The set of studies in the present chapter on "Object Recognition" examined the attributes of
objects that contribute to the perception and recognition of familiar images. The particular
training objects and manipulations of object features were chosen because they are similar
to those used in the study of object recognition in humans by Biederman and colleagues. However,
the training methods employed in the human and pigeon studies are quite different, a factor
which may contribute to any observed differences in performance between the two species.
Geon Structural
Descriptions. Pigeons demonstrated a
sensitivity to the spatial organization of object components. When the geons were spatially
displaced from their normal position, recognition accuracy suffered. Moreover, pigeons were
able to discriminate between different spatial arrangements of the same geons.
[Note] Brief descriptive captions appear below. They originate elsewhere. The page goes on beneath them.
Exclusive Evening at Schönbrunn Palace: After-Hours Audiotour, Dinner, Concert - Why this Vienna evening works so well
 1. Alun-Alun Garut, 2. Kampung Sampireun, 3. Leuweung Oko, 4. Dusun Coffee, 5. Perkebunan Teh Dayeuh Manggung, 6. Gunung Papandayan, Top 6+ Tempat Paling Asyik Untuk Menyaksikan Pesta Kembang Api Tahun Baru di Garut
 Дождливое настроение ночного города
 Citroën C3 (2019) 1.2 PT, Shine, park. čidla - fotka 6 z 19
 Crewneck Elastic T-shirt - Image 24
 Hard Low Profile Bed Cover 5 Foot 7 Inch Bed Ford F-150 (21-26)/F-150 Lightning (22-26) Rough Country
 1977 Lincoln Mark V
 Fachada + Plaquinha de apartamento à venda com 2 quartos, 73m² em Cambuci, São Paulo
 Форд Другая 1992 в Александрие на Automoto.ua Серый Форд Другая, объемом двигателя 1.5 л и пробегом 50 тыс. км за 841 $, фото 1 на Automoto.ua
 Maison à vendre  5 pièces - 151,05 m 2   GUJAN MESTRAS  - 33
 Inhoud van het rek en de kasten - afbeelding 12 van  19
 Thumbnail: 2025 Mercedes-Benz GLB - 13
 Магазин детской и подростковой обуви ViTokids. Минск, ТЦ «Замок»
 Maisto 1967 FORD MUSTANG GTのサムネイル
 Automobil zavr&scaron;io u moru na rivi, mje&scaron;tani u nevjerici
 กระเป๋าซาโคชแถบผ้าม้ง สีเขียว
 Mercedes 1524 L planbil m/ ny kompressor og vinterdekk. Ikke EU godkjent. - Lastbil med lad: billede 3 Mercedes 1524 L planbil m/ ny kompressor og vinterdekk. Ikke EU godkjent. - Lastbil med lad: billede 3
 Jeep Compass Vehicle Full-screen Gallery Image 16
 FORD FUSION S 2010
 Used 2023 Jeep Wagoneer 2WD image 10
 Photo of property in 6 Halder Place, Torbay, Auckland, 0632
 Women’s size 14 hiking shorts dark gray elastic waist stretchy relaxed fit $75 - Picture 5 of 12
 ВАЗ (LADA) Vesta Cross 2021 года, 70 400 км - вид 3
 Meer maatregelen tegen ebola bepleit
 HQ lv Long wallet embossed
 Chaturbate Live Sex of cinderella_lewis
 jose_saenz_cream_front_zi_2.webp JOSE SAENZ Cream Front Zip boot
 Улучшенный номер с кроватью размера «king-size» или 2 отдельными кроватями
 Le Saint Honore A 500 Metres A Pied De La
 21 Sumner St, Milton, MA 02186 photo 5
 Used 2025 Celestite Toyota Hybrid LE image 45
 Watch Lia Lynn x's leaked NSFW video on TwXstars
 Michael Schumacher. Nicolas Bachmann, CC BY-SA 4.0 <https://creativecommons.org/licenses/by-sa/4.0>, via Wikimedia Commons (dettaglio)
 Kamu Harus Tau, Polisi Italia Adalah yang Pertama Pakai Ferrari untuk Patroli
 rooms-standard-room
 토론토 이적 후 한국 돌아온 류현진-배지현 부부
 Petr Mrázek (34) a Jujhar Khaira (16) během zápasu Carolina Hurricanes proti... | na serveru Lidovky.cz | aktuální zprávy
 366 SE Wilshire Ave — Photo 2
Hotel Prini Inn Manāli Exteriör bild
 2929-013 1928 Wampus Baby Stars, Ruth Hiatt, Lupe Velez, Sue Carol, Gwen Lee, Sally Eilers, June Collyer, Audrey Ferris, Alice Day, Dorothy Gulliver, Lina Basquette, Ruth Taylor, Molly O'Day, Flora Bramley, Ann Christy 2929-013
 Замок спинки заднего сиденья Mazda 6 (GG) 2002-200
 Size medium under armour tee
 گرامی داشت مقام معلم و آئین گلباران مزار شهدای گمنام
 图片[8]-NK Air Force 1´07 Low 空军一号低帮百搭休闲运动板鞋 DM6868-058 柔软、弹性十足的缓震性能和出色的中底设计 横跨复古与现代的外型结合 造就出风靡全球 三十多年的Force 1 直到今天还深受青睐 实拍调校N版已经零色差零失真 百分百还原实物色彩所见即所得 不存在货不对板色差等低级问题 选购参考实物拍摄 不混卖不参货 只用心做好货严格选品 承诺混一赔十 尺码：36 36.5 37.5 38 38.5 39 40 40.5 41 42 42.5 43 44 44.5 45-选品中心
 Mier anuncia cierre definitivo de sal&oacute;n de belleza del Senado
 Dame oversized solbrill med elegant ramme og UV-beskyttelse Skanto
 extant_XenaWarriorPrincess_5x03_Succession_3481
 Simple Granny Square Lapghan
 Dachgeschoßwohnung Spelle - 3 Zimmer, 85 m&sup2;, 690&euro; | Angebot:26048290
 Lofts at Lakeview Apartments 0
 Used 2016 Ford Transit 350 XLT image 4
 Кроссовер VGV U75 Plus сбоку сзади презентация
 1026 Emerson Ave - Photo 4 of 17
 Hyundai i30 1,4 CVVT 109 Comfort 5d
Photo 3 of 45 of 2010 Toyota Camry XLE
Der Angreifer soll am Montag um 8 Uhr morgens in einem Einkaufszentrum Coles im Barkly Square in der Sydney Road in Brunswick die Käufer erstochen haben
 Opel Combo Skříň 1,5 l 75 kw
Finally,
the pigeons demonstrated generalization to pseudo-objects that contained the same spatial
organization as a reinforced pseudo-object (see section on relative importance
of geons and interrelations). The geons themselves were also seen to control behavior. First,
there was above-chance performance to scrambled versions of objects, that must have been due to the
presence of local features other than the vertices between components. The only local features that
were available were the geons and their component pieces of contour. Second, the principle of three-geon
sufficiency was observed: the deletion of a single geon had no effect on recognition, but the deletion
of three geons had a large detrimental effect (see section on importance of components).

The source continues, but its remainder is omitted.